In an exclusive AgroSpectrum interview, Dr. K.C. Nehara, Addl. Manager, Demand Generation and Market Development at Shriram Farm Solutions, outlines how climate volatility and fertiliser shortages are accelerating India’s shift toward climate-resilient seeds and adaptive crop nutrition. He highlights that DCM Shriram’s Super-series cultivars—Shriram Super 303, Super 111, Super 252, and Super 272—along with advanced nutrition solutions like Shriram Suryamin, are engineered to counter heat stress, water scarcity, and declining soil vitality. Despite supply chain disruptions, proactive strategies such as advance fertiliser booking and anti-adulteration awareness are helping farmers secure reliable, high-quality inputs.

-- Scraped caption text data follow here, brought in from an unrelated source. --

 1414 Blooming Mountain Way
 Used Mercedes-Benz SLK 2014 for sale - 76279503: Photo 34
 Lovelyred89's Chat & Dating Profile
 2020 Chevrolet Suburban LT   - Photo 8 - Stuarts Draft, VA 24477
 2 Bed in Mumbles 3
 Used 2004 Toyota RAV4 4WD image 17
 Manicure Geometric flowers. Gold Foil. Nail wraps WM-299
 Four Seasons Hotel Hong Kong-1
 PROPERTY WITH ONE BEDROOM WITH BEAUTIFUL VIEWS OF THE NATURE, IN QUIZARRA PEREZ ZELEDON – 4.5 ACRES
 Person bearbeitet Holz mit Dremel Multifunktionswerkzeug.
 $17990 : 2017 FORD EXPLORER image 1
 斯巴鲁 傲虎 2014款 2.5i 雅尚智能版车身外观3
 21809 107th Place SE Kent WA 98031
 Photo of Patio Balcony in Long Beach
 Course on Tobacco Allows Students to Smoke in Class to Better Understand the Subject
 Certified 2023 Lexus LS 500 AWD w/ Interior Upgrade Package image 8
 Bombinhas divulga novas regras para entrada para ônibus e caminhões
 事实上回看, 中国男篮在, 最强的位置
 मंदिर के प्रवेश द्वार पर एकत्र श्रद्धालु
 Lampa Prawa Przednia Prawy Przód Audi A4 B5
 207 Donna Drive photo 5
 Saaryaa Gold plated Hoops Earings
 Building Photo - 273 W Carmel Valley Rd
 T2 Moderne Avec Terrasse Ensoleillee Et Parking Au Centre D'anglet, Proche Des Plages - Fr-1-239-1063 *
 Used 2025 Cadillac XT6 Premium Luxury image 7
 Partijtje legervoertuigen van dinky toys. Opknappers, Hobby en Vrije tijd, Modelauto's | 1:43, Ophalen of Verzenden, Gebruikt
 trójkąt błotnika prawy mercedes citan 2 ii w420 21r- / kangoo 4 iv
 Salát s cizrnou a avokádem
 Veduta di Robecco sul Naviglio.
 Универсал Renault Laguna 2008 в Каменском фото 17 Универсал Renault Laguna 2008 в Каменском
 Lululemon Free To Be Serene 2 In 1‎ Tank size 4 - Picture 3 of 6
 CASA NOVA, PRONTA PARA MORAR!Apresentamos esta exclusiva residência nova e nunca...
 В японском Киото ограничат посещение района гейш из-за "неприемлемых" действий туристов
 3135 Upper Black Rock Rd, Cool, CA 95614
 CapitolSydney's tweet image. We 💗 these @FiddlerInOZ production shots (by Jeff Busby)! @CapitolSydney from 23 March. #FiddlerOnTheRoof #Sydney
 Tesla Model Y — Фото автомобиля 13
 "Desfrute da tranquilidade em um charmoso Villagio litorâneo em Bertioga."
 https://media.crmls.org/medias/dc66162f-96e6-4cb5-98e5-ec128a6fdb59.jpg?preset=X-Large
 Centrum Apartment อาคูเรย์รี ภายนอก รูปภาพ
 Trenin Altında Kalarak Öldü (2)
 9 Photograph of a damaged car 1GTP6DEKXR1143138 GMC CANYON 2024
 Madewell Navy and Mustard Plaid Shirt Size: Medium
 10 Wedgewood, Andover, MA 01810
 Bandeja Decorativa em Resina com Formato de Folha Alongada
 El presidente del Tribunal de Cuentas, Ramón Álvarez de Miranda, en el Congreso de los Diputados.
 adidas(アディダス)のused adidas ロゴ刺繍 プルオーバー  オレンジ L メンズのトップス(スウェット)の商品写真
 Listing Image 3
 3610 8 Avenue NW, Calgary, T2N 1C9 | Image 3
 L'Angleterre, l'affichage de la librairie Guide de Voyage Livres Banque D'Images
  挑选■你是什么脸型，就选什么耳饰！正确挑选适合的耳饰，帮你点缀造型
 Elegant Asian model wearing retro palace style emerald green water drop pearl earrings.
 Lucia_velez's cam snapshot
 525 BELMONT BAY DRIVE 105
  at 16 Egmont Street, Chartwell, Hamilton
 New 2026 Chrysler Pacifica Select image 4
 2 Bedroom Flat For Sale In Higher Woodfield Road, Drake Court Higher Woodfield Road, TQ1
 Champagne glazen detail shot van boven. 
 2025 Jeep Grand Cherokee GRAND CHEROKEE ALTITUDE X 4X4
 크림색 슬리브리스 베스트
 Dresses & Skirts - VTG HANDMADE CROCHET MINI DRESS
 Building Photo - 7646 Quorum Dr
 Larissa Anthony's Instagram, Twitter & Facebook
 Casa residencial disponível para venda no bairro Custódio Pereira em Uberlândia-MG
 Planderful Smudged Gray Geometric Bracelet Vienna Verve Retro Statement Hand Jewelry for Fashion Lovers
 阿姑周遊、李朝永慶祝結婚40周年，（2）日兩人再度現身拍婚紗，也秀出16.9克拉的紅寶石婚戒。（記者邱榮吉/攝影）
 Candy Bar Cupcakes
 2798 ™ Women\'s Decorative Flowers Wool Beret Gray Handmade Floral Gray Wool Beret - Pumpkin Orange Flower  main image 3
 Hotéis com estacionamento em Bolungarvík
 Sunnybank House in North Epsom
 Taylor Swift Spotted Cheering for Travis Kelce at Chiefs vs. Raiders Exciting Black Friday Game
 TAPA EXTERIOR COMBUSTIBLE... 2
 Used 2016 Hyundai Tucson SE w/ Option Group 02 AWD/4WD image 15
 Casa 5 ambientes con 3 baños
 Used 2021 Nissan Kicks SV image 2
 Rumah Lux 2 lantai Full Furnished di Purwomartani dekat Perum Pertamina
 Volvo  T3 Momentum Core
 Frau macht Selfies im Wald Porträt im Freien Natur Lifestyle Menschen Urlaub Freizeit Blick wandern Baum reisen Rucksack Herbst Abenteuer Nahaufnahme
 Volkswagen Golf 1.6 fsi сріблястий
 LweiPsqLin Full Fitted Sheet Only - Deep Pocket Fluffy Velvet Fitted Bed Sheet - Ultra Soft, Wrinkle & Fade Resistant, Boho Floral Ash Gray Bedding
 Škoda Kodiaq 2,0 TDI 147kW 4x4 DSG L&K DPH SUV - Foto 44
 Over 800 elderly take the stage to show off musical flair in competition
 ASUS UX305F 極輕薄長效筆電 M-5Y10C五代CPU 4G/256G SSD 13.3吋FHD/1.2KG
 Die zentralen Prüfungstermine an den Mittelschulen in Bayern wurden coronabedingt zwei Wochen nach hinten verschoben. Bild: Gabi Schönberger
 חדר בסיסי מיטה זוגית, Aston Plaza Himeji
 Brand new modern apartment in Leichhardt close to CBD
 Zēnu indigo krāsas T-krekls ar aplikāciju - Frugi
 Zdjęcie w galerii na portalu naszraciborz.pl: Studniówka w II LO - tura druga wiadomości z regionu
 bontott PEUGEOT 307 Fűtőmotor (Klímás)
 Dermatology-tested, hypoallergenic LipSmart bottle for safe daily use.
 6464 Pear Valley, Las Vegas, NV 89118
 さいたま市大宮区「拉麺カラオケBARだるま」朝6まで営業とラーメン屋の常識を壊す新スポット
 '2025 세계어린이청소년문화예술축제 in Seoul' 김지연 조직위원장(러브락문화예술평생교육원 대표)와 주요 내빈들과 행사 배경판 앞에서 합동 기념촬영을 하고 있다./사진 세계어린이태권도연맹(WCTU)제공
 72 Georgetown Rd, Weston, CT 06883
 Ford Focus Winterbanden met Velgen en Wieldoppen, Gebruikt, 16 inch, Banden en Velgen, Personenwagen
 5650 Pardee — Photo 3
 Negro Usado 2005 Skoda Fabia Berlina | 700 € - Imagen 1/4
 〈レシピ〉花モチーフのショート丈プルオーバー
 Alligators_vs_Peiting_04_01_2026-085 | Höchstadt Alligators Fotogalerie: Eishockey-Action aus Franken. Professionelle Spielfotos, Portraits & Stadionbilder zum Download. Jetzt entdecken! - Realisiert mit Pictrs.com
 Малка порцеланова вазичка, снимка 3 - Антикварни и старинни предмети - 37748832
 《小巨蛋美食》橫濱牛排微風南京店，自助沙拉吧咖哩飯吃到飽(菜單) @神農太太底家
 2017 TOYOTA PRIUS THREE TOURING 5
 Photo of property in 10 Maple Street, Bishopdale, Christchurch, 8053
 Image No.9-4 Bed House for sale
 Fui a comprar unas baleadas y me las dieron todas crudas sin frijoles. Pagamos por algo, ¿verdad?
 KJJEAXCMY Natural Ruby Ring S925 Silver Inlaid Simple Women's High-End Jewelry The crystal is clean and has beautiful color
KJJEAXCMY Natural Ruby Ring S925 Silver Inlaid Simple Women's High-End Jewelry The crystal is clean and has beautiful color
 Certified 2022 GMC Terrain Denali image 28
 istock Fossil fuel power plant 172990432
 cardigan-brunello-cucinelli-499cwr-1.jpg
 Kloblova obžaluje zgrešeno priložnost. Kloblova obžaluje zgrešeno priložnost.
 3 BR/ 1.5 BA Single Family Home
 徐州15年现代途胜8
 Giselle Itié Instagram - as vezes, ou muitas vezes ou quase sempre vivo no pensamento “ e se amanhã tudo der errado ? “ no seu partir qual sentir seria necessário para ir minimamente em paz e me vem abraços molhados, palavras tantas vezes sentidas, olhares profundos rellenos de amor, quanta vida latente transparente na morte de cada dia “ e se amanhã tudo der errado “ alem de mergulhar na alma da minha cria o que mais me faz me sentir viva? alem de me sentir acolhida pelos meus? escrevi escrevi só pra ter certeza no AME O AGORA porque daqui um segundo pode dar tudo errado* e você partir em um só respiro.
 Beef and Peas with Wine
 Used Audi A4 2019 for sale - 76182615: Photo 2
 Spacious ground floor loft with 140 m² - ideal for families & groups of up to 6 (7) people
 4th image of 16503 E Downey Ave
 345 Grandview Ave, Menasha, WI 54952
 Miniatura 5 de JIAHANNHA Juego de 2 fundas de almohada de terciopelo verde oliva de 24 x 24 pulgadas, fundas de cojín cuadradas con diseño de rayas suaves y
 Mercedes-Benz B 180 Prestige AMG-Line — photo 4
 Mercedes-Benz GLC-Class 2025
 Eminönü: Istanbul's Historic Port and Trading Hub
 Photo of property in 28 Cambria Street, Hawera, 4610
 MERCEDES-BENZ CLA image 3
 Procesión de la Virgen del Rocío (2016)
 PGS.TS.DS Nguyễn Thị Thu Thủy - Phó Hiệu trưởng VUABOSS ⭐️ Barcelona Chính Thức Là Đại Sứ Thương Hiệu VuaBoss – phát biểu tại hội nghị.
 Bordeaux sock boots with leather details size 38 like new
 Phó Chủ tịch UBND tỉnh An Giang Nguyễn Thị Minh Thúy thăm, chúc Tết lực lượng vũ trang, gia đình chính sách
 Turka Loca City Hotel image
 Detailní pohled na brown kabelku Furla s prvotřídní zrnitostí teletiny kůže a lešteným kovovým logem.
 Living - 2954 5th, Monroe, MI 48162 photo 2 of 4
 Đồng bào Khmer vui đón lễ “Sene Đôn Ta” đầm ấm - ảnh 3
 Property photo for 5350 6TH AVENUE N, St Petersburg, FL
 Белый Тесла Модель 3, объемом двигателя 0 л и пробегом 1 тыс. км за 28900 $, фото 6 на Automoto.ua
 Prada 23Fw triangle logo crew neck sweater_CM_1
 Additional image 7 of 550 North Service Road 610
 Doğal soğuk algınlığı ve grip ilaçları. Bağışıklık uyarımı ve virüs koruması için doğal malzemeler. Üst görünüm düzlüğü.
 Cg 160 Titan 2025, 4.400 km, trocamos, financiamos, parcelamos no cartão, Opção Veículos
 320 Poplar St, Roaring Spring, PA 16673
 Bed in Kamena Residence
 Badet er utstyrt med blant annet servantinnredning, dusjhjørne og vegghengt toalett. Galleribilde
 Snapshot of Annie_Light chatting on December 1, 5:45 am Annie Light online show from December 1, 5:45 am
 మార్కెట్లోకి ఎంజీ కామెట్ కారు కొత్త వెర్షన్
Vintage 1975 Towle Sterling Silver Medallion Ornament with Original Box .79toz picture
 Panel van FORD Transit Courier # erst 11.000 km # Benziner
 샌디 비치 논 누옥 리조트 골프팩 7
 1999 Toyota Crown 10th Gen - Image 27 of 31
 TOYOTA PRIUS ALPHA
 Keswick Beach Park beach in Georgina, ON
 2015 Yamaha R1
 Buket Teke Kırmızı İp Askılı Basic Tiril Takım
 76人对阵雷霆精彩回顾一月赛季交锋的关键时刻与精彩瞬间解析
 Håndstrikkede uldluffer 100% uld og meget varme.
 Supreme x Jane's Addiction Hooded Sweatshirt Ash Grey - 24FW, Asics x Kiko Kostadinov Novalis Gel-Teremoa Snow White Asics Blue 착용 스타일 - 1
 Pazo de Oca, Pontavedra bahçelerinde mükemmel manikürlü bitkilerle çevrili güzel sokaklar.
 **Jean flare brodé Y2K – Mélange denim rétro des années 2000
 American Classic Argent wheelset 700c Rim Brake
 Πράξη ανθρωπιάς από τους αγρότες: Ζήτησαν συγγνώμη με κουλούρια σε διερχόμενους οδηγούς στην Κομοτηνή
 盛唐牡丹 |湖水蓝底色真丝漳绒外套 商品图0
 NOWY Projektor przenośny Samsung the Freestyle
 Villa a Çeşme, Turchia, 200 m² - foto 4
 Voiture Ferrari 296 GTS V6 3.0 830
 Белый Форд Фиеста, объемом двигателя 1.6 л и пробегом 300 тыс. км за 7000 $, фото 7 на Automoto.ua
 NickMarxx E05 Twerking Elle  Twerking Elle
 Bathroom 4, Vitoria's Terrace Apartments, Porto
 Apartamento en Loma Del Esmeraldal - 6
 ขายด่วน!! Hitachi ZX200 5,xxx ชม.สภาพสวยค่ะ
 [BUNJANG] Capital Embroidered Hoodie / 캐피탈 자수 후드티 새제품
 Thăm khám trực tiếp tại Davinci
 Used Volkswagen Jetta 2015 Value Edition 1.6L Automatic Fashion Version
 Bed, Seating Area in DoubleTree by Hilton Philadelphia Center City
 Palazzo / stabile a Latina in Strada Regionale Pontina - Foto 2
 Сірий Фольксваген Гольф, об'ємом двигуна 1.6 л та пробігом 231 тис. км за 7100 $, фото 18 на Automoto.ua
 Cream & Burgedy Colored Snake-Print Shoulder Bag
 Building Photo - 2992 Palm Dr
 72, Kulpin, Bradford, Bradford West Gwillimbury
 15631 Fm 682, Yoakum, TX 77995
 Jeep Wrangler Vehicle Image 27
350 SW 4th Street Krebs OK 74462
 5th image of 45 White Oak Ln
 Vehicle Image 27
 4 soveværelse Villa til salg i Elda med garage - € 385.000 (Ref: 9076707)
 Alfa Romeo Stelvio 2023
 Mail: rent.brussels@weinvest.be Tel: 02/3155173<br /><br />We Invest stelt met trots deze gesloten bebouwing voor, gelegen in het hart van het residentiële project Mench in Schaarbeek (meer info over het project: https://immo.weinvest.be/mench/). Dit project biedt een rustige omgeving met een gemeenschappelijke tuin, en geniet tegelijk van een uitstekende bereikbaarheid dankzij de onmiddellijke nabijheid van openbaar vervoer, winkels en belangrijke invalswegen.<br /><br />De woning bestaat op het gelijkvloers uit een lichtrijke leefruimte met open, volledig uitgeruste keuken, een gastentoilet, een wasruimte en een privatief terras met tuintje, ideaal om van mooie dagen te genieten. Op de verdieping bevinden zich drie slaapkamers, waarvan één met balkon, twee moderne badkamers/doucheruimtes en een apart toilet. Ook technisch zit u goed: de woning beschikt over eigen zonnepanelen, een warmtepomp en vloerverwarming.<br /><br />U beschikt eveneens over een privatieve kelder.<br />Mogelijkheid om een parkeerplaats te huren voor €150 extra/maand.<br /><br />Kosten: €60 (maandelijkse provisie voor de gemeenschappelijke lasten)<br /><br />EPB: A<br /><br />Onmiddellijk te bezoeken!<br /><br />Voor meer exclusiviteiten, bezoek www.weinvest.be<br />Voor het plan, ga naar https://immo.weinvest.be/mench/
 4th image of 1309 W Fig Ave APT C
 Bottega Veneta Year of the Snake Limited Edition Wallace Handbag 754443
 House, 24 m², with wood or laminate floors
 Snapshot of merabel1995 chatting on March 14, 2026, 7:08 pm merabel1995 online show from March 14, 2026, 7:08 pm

Dr. Nehara emphasises that scientific extension—through 700 agronomists, on-field demonstrations, and stringent benchmarking—remains the backbone of adoption, often transforming farmer profitability simply through better seed choices. Looking ahead, he asserts that India’s next agricultural decade will be shaped by biostimulants, gene-edited seeds, and climate-smart agronomy, positioning innovation-led companies like DCM Shriram at the centre of this transition.

Climate change and input shortages are reshaping Indian agriculture. How is DCM Shriram responding to these challenges?

Climate change has become the defining agronomic disruptor, altering sowing patterns, compressing crop windows, and depressing yields—most visibly in wheat, where extreme heat has already triggered up to a 9 percent productivity decline. At the same time, the global fertiliser imbalance has intensified the pressure on nutrient availability.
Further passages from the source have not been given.